Tuning the guitar using perfect fifth harmonics: a mistake

wittner-tuning-fork

This fork would probably still work, but you get the idea.

Note: As will be shown below, this method of tuning, however common, is inherently flawed. Still, it is probably worth a brief study for the sake of misguided tradition and culture.

When tuning the guitar using harmonics, I start with an A = 440 Hz tuning fork. I choose this fork because A = 440 is the internationally standardized tuning reference tone. In standard tuning, when you play the harmonic on the fifth fret of the fifth string, you should create a 440 Hz tone. So, to tune the fifth string (A), I first strike the fork on the bony part of my knee. Then, I quickly pluck the harmonic on the fifth fret of the fifth string. Next, I place the ball of the tuning fork on the bridge of the guitar (find the sweet spot for it on your bridge). Finally, I use my fifth string tuner to match the tone of the tuning fork (which is now resonating through the guitar). As you approach being in tune, you will hear the warble of the tones becoming longer and longer in duration. This is what I call “smoothing out” the tone. When the warbles are as long in duration as you can possibly get them (theoretically having disappeared), you have tuned your string.
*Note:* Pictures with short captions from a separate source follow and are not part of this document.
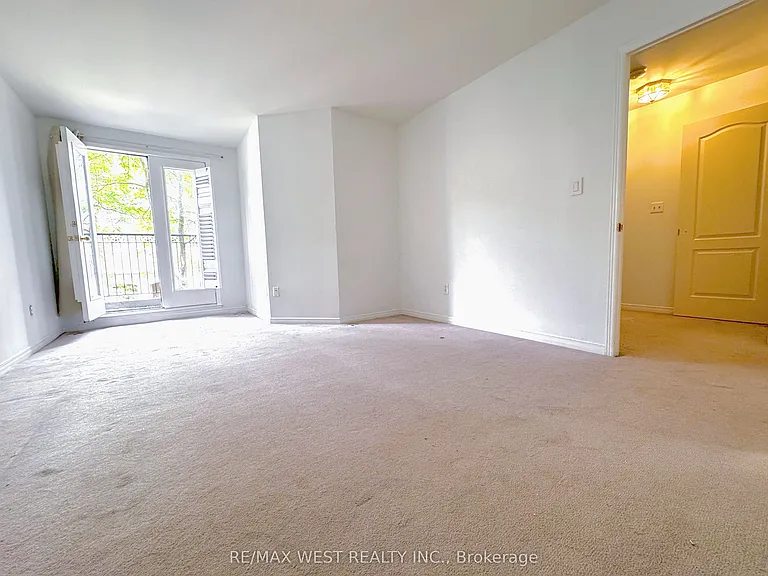 108 Finch Ave W #A21 — Photo 10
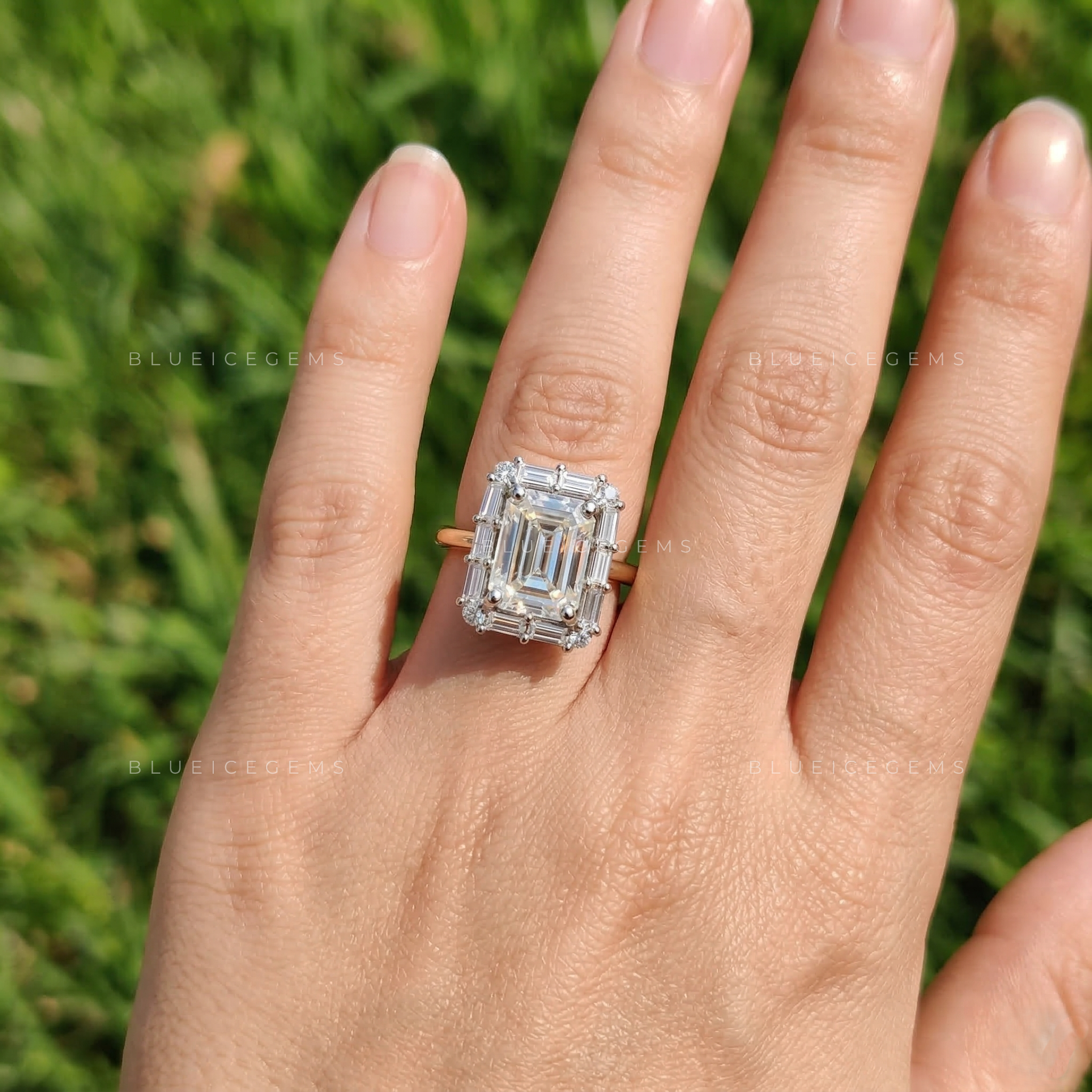 Luxurious Emerald Cut Deco-Inspired Trio Ring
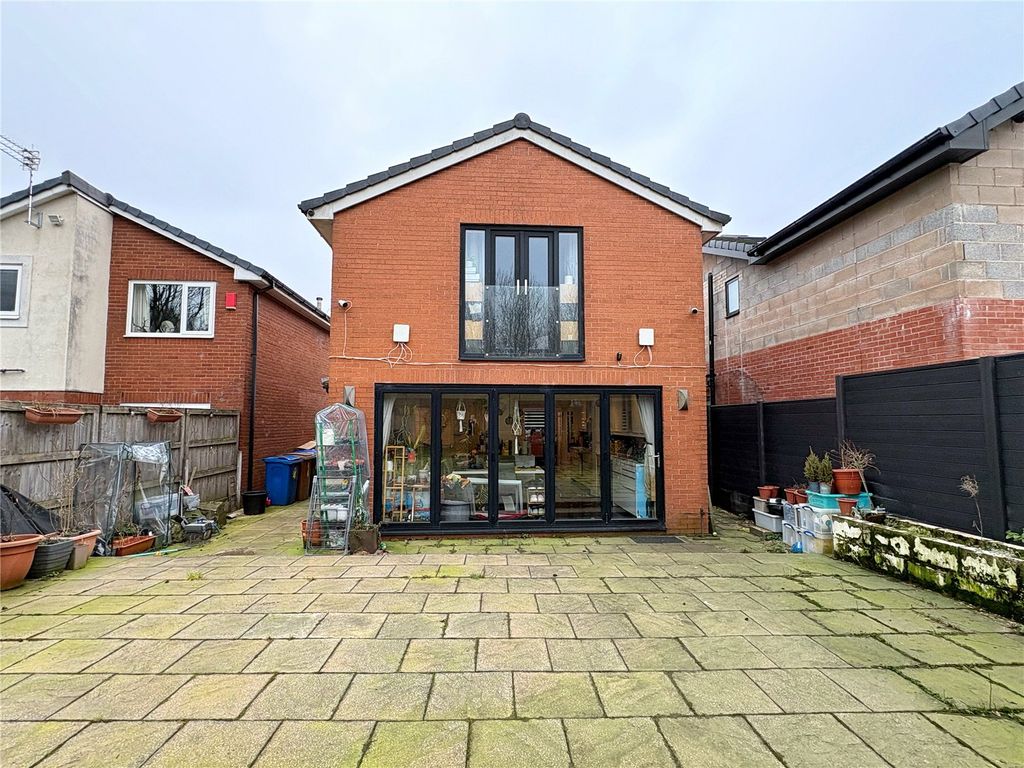 Property photo 2 of 17 Picture No. 09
You will want to start with a fifth string that is flat, and then tune up until it is in tune with the reference tone of A = 440 Hz. In fact, when using tuning hardware to tune a string, whether tuning to a fork or another string, always tune by tightening a flat string; never by loosening a sharp string. (You always hear musicians say “Get tuned up and we’ll get started.” You never hear them say “Get tuned down.”) So, for example, when I am tuning to the tuning fork, I will make sure that the fifth string is quite flat before starting. I do this because I want the hardware “nice and tight” by the time I have gotten “tuned up.” This helps prevent string slippage and better maintains the tuning. Okay, now let’s move on to tuning string-to-string.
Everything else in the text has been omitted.